[[ INPUT, beginning ]]

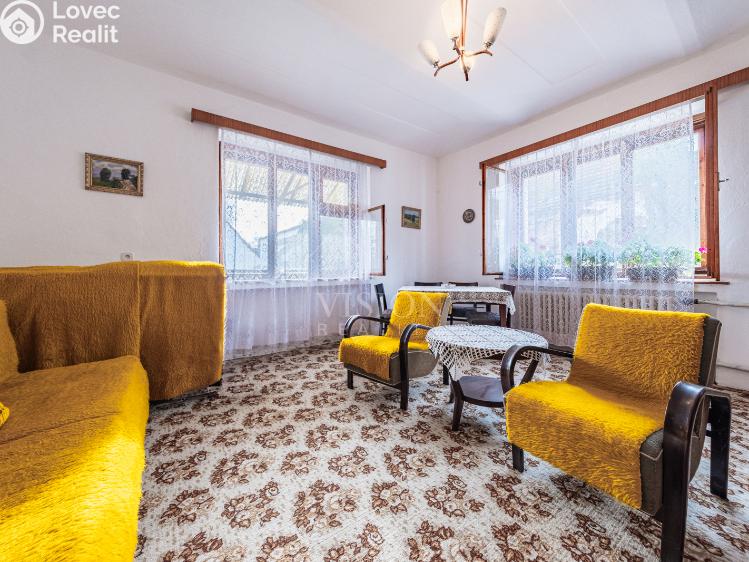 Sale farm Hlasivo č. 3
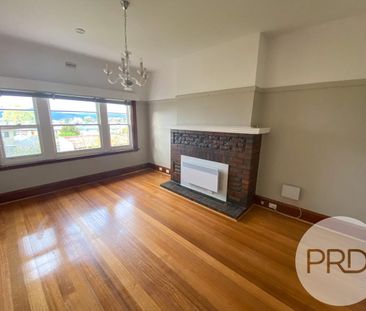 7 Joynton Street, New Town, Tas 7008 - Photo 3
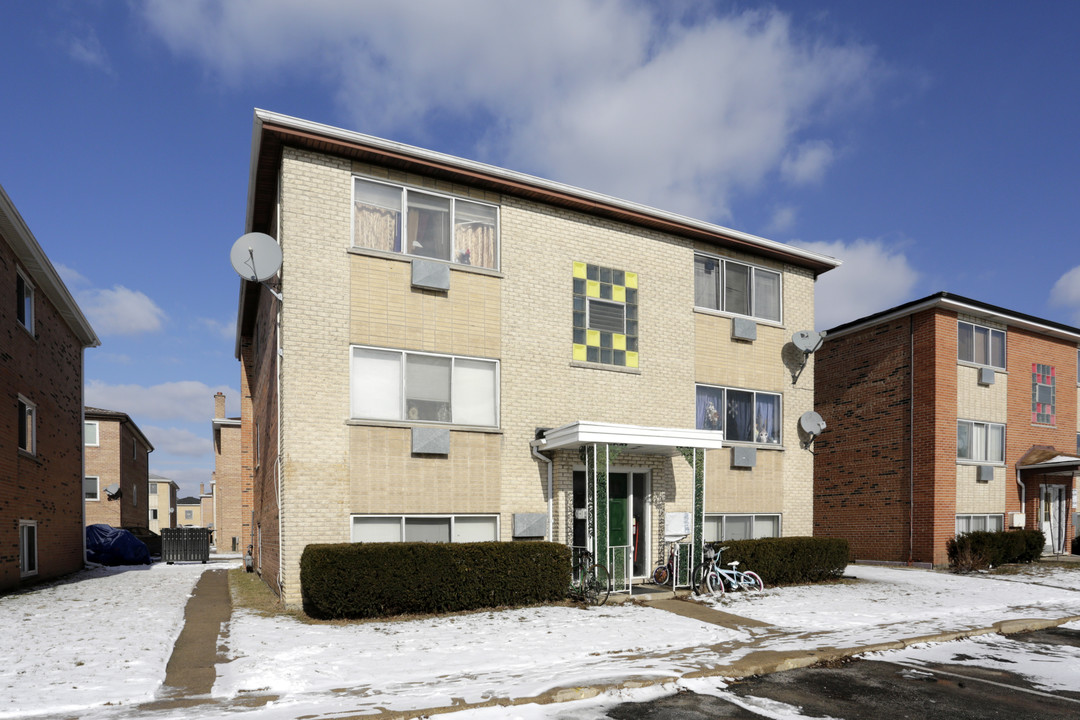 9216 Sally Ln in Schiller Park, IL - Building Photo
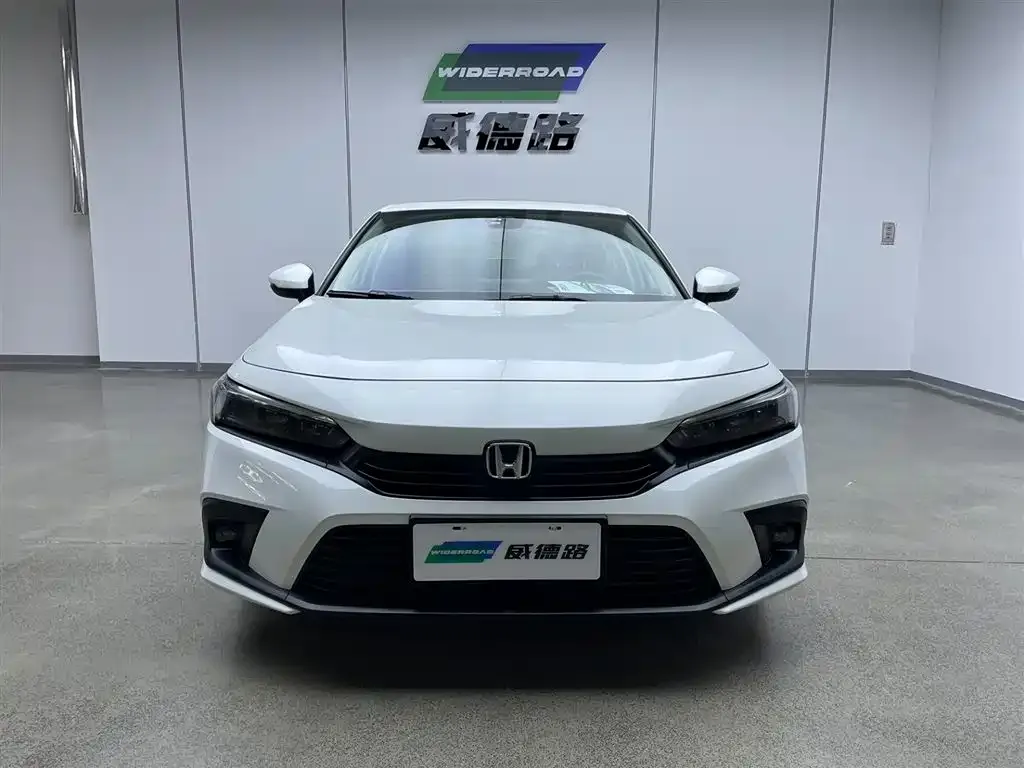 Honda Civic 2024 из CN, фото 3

[[ INPUT, end ]]
[[ INPUT, beginning ]]

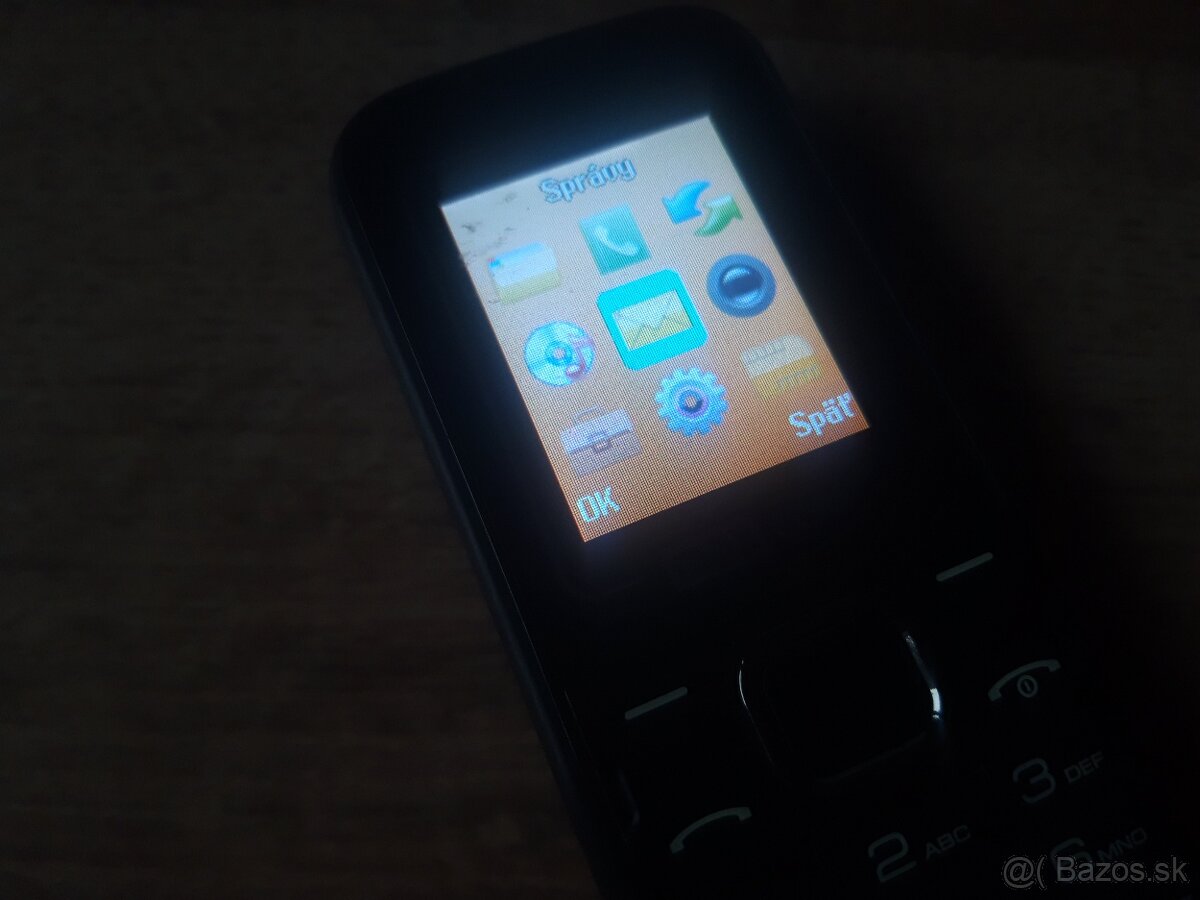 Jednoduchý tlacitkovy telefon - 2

[[ INPUT, end ]]

» TASK TO CARRY OUT: Starting from the line with "9216 Sally Ln" in the records above, repeat each line exactly until you have written the line with "Honda Civic 2024 из CN, фото 3", then stop; drop the pictures.

» ANSWER TO THIS PROBLEM:
 9216 Sally Ln in Schiller Park, IL - Building Photo
 Honda Civic 2024 из CN, фото 3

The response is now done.